> _Directions for this task_
Take the entries below and reproduce exactly the portion that begins at the line containing "64 Griffith Street Street 17" and ends at the line containing "Michal Škurla se", keeping both ends, dropping pictures, and adding nothing else.

>>>>>

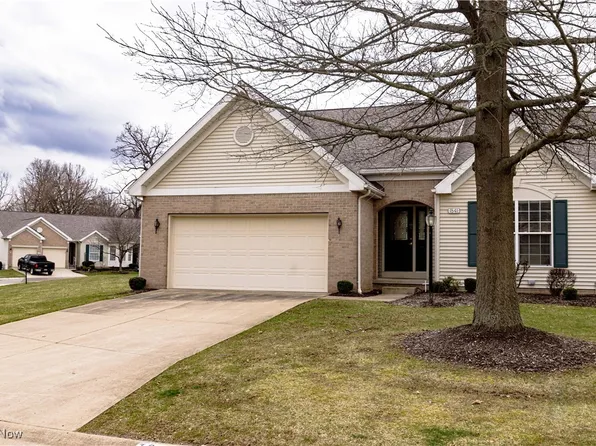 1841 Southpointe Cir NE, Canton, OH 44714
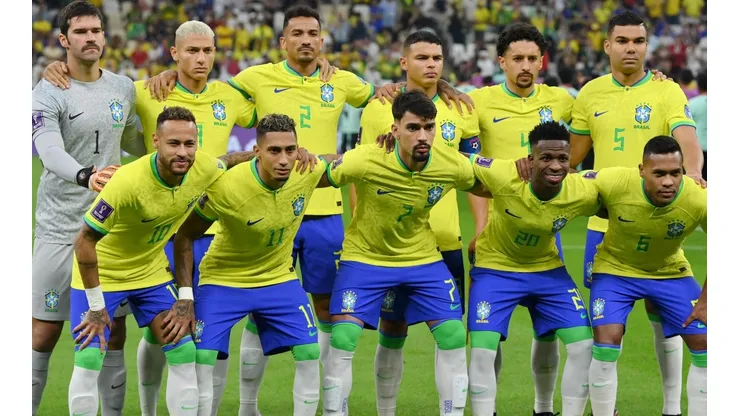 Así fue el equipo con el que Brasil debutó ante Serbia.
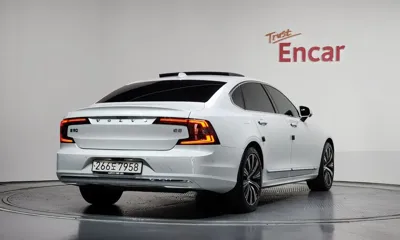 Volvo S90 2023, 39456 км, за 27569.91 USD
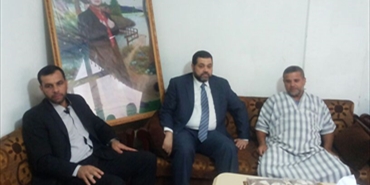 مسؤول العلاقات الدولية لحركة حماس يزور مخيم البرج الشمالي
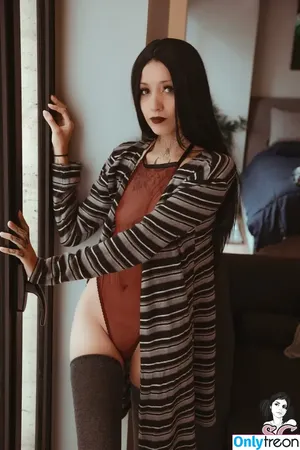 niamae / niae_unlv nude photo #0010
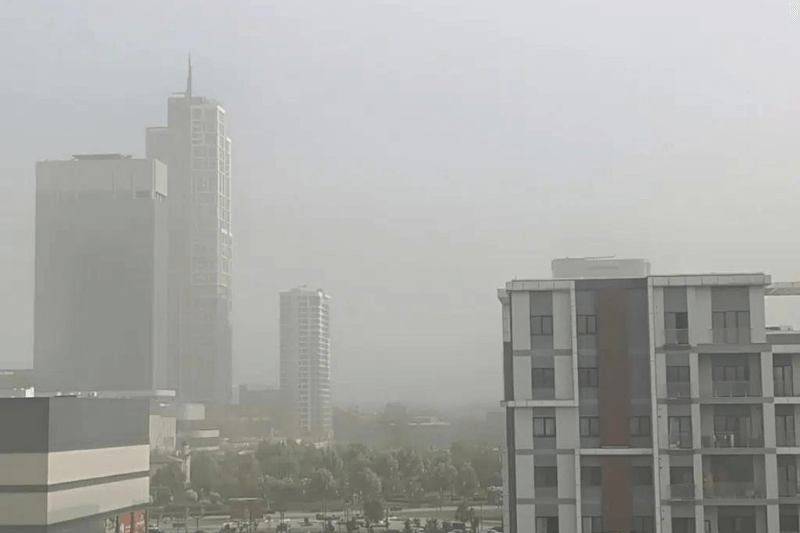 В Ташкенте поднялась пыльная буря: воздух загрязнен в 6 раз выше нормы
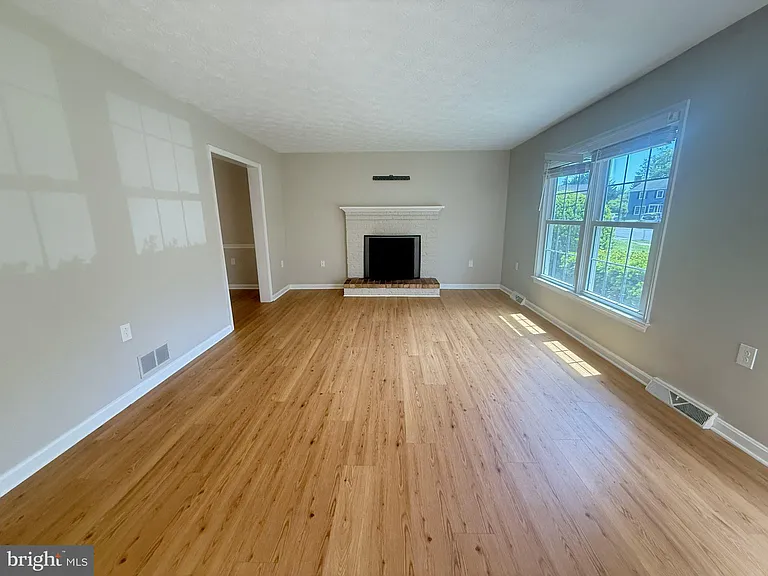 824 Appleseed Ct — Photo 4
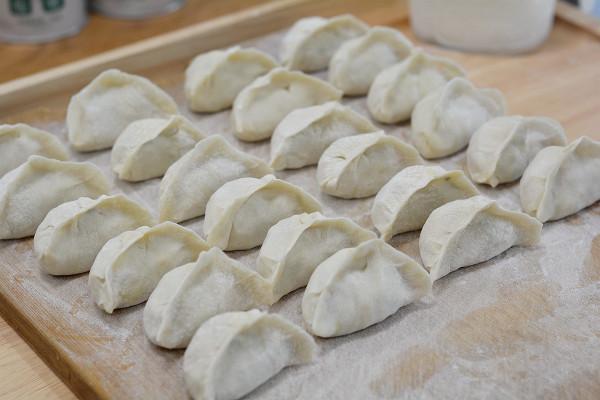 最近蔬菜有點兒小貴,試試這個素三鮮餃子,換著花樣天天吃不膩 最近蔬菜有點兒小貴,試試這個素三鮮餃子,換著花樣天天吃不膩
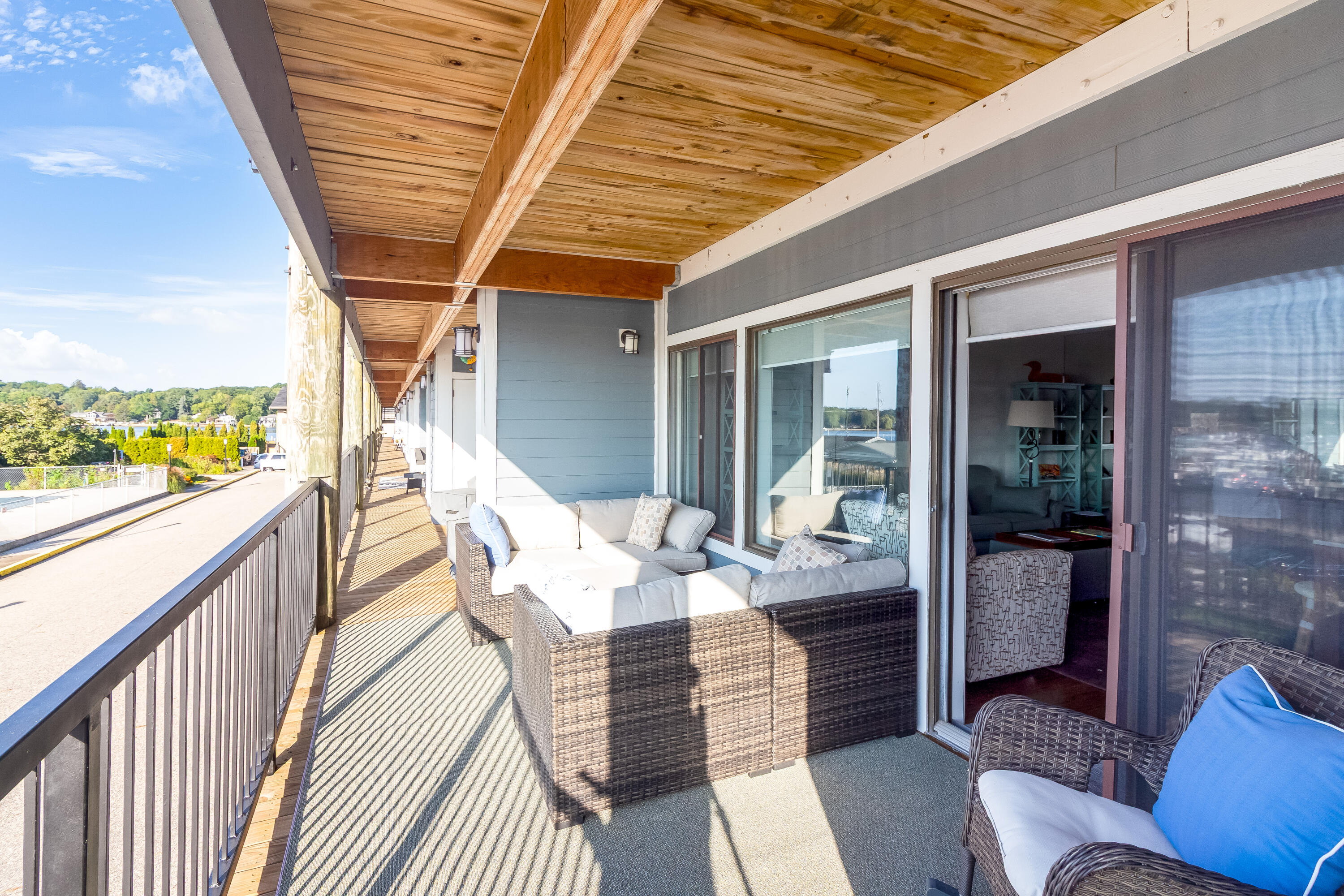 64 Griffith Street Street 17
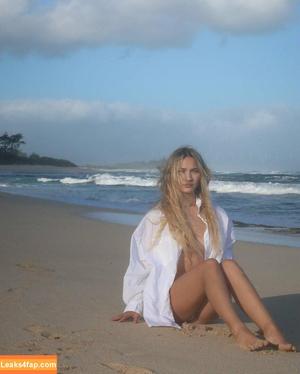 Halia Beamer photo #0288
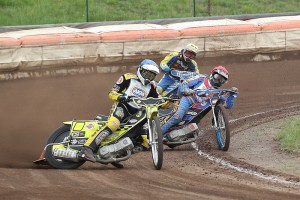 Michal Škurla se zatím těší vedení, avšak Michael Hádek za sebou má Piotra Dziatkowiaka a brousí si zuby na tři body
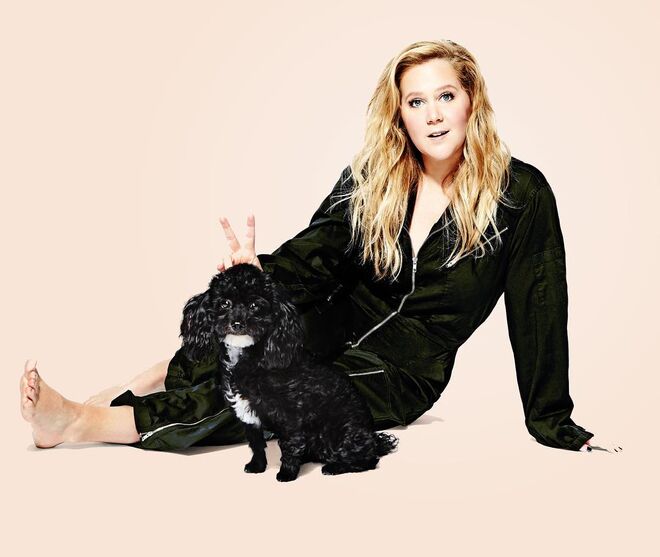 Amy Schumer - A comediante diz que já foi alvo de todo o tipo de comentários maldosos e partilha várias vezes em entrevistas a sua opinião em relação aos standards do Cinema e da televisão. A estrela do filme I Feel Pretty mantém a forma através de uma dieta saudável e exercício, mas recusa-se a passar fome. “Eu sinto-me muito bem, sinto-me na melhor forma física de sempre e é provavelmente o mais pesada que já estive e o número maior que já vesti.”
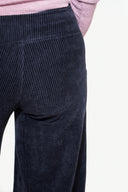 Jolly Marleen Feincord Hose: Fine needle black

<<<<<

> _Response for this exercise_
 64 Griffith Street Street 17
 Halia Beamer photo #0288
 Michal Škurla se zatím těší vedení, avšak Michael Hádek za sebou má Piotra Dziatkowiaka a brousí si zuby na tři body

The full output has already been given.